Une faute de l’employeur même commise hors du travail peut justifier la prise d’acte de la rupture
Le manquement professionnel suffisamment grave de l’employeur à ses obligations contractuelles peut justifier la prise d’acte de la rupture de son contrat de travail par le salarié, peu important que ses agissements se soient déroulés hors temps et lieu de travail.
C’est au salarié de rapporter la preuve que l’employeur a commis ce manquement (Cass. soc., 19 janvier 2005, n°03-45.018) faisant obstacle à la poursuite des relations contractuelles (Cass. soc., 30 mars 2010, n°08-44.236).
Tel est le cas, par exemple, lorsque l’employeur porte atteinte à l’intégrité physique ou morale du salarié sur le lieu de travail (Cass. soc., 8 juin 2011, n° 10-15.493).

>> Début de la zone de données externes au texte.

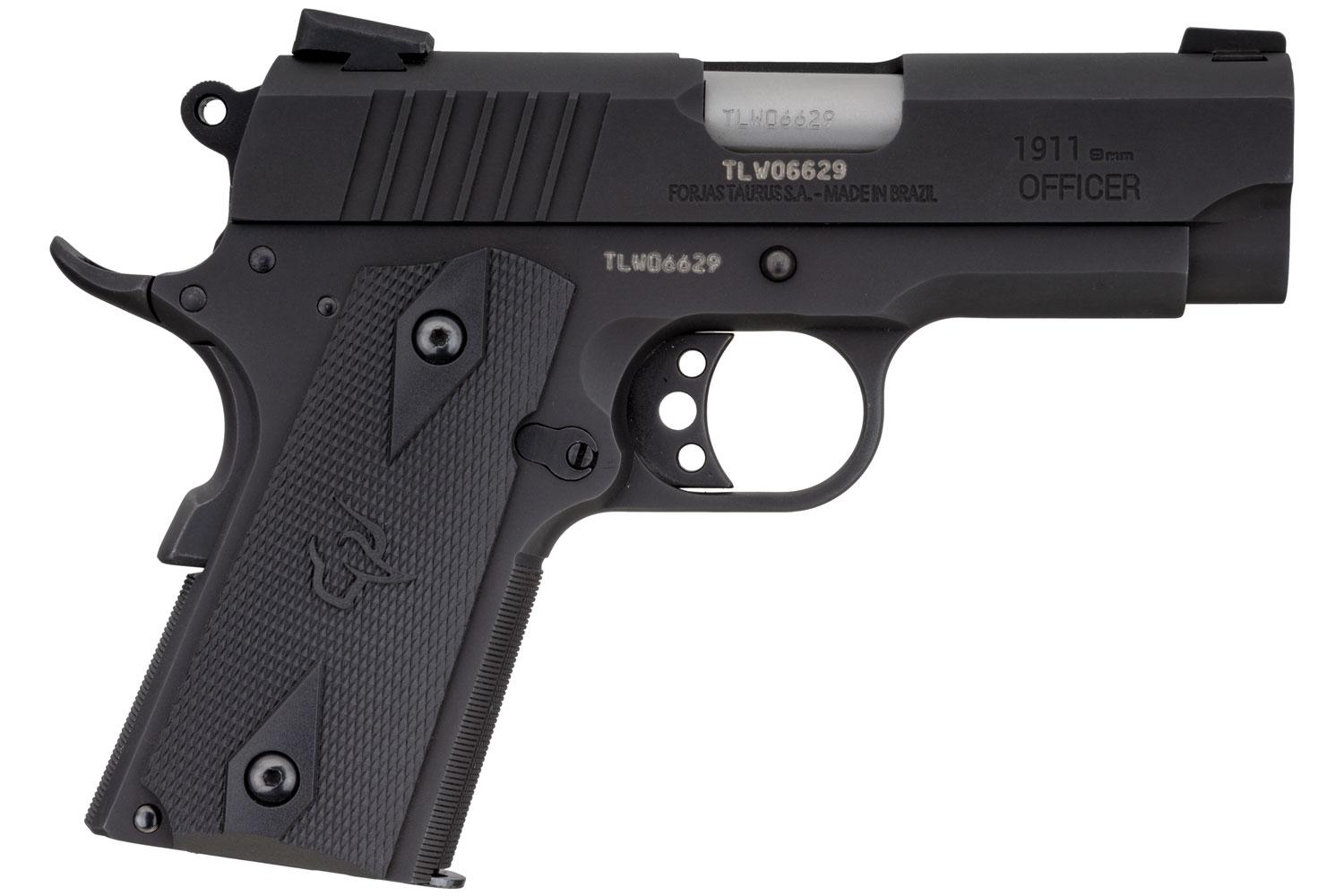 Taurus 1911 Officer SAO Pistol 1191101OFC9MM, 9mm Luger, 3.50", Polymer Grips, Matte Black Finish, 8 Rds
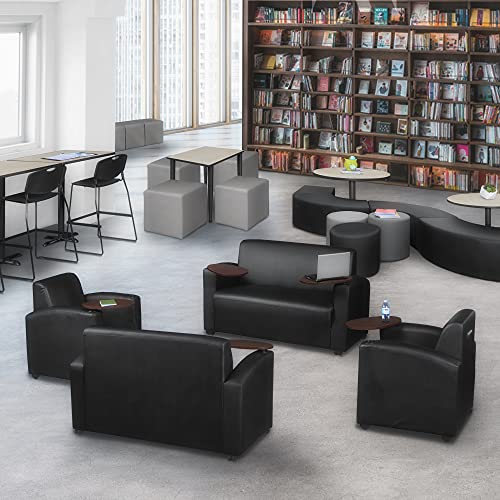 Image of Romig Superstellar Loveseat with 360-Degree Swiveling Tablet Arm, Java Finish, Black Vinyl Upholstery, Ergonomic Seating for Offices, Homes, Lounges, or Study Areas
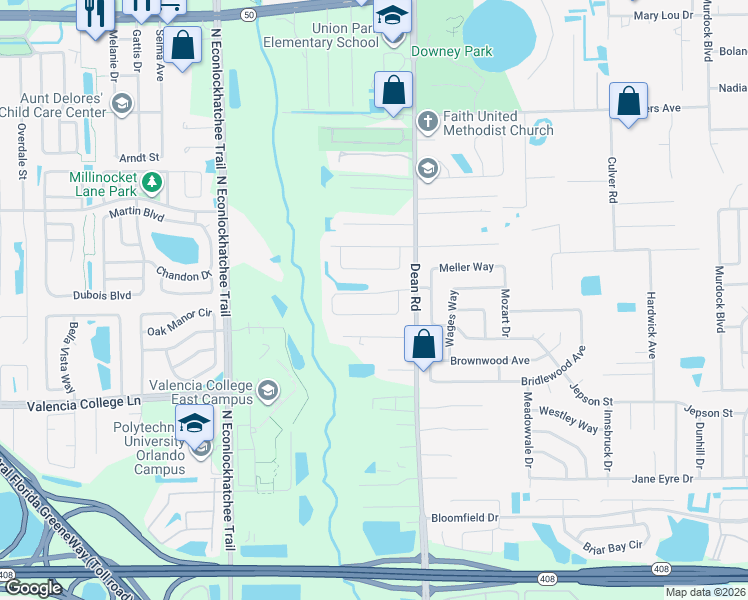 map of restaurants, bars, coffee shops, grocery stores, and more near 9915 Piney Point Circle in Orlando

Dans un arrêt rendu le 23 janvier 2013, la Cour de cassation a approuvé les juges du fond ayant décidé que des évènements, bien qu’ayant eu lieu à l’extérieur de l’entreprise, caractérisaient un manquement grave de l’employeur à ses obligations contractuelles (Cass. Soc., 23 janvier 2013, n°11-20.356).

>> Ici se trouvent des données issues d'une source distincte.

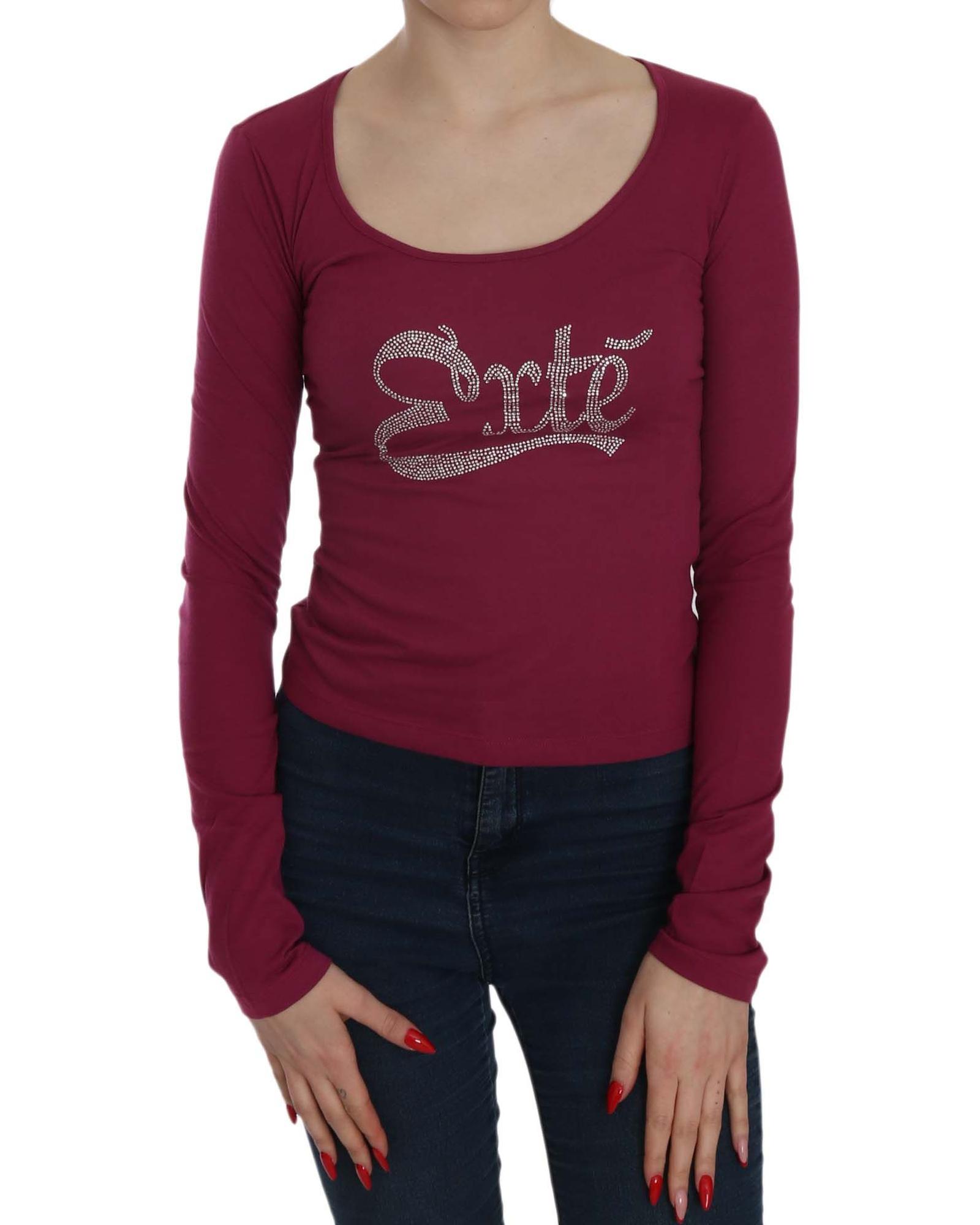 V539-TSH3911-44-202508312035-00 EXTE Fuchsia Crystal Embellished Blouse 44 IT Women - Image 1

En l’espèce, l’employeur avait fait irruption brutalement dans le club de bridge où se trouvait le salarié, qui était en arrêt de travail. Il avait alors remis en cause avec véhémence l’état de santé de l’intéressé et exigé qu’il lui remette son arrêt de travail. Agressé publiquement, le salarié, choqué, s’était trouvé dans un état de sidération nécessitant le secours des personnes présentes.
Les faits invoqués par le salarié à l’appui de sa prise d’acte portaient en effet sur un différend d’ordre professionnel. Un fait étranger à l’activité professionnelle ne pourrait donc pas justifier une prise d’acte de la rupture.

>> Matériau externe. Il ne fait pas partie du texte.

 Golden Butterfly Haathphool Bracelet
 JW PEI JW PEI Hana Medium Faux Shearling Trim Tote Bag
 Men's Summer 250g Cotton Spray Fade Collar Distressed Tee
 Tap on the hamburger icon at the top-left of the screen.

Cette solution est à rapprocher de certaines décisions rendues par la Cour de cassation ayant retenu une faute contractuelle pour des faits survenus en dehors de l’entreprise :
– ainsi, il a été jugé que le fait pour un salarié d’abuser de son pouvoir hiérarchique dans le but d’obtenir des faveurs sexuelles constituait un harcèlement sexuel même si les agissements avaient lieu en dehors du temps et du lieu de travail (Cass. soc., 11 janvier 2012, n°10-12.930),
– parallèlement, un fait relevant de la vie personnelle du salarié peut justifier son licenciement pour faute s’il se rattache à sa vie professionnelle. Par exemple, la Cour de cassation a admis la possibilité pour une compagnie aérienne de licencier pour faute grave un steward ayant consommé des drogues dures pendant des escales entre deux vols dans la mesure où ce comportement présente un risque pour la sécurité des passagers (Cass. soc., 27 mars 2012, n°10-19.915).